Der UN-Sicherheitsrat hat für 14. Oktober eine Debatte über mutmaßliche Kriegsverbrechen der israelischen Streitkräfte und der Hamas-Freischärler im Gazastreifen angesetzt. Dieser Kompromiss schließt aus, dass die Fälle an den Weltstrafgerichtshof weitergeleitet werden, wie es die arabischen Staaten wünschten. Die USA würden gegen einen solchen Beschluss ihr Veto einlegen.
Grundlage der bevorstehenden Diskussion im Sicherheitsrat ist der Bericht einer vom UN-Menschenrechtsrat eingesetzten "Wahrheitsfindungsmission" unter Leitung von Richard Goldstone. Der frühere Chefankläger in den internationalen Kriegsverbrecherprozessen für Ex-Jugoslawien und Ruanda wirft vor allem Israel schwere Verstöße gegen das humanitäre Völkerrecht vor.
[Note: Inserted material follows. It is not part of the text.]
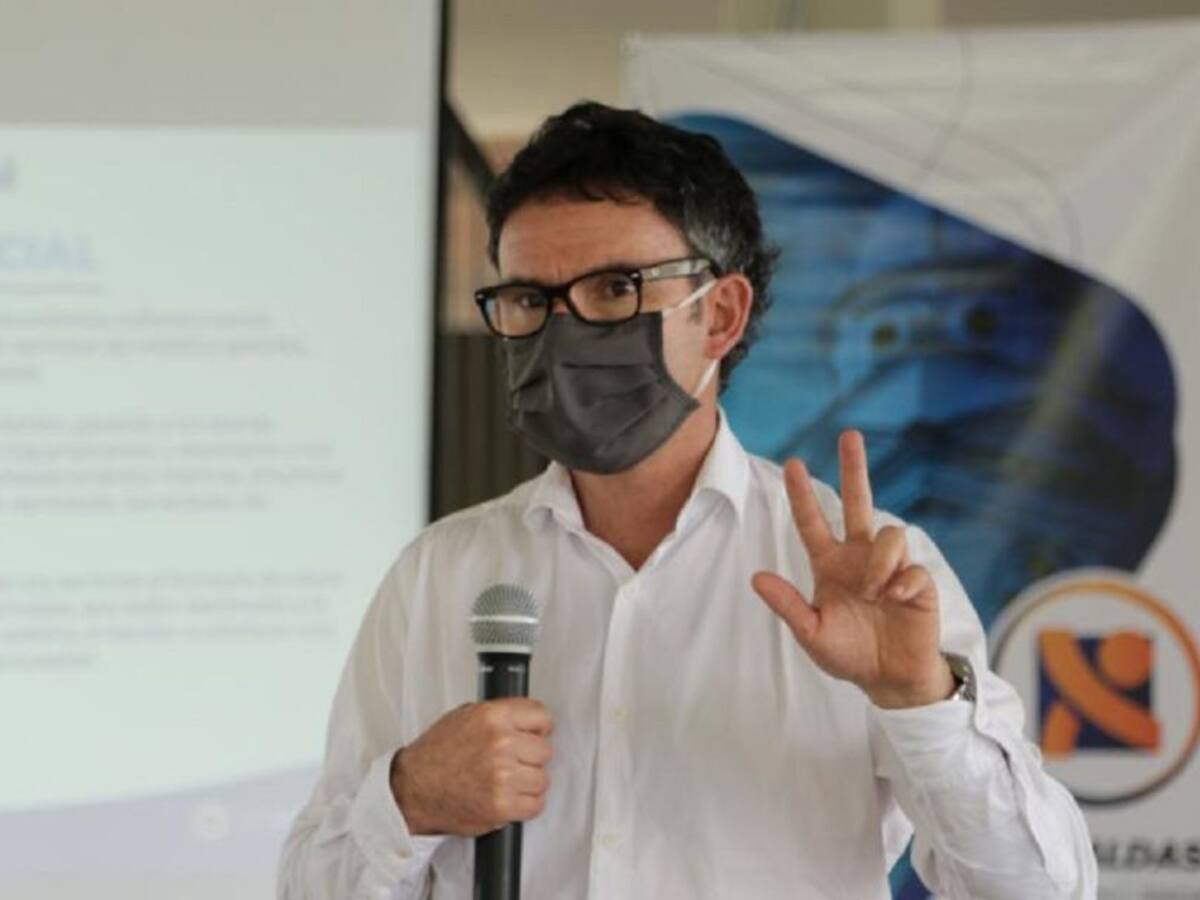 Inficaldas ofrece créditos para la red pública hospitalaria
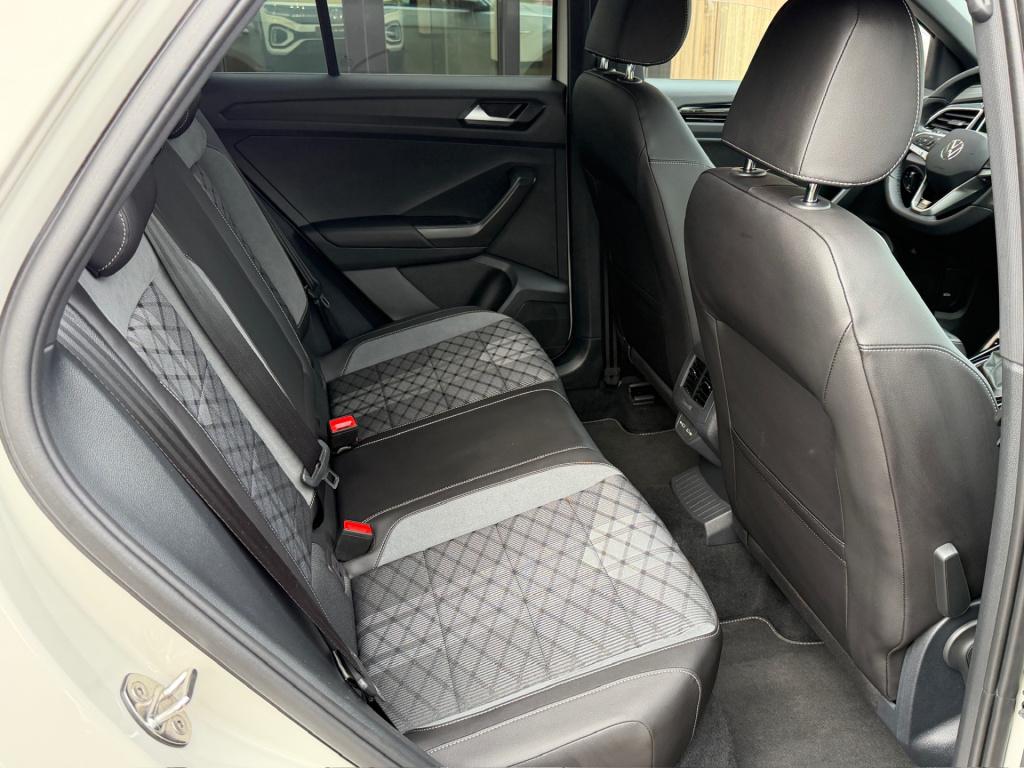 Volkswagen T-roc 1.5 tsi 150pk dsg r-line | trekhaak | camera | keyless | e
So seien im Gaza-Krieg mutwillig palästinensische Zivilisten getötet und zivile Einrichtungen zerstört worden. Der Einsatz von Waffen wie weißer Phosphor oder Wolfram-Splittermunition sei zwar nicht international geächtet, aber unverhältnismäßig gewesen. Etwa 1400 Palästinenser verloren das Leben. Die israelischen Verluste beziffern sich auf neun Tote.
Hamas wird im Goldstone-Bericht beschuldigt, israelische Orte mit 8000 Kleinraketen beschossen zu haben. Diese Angriffe könnten als Kriegsverbrechen gelten. Goldstone schlägt vor: Sollten Israel und die Hamas nicht binnen eines halben Jahres glaubhafte Prozesse gegen die schuldigen führen, solle der Weltstrafgerichtshof die Sache übernehmen.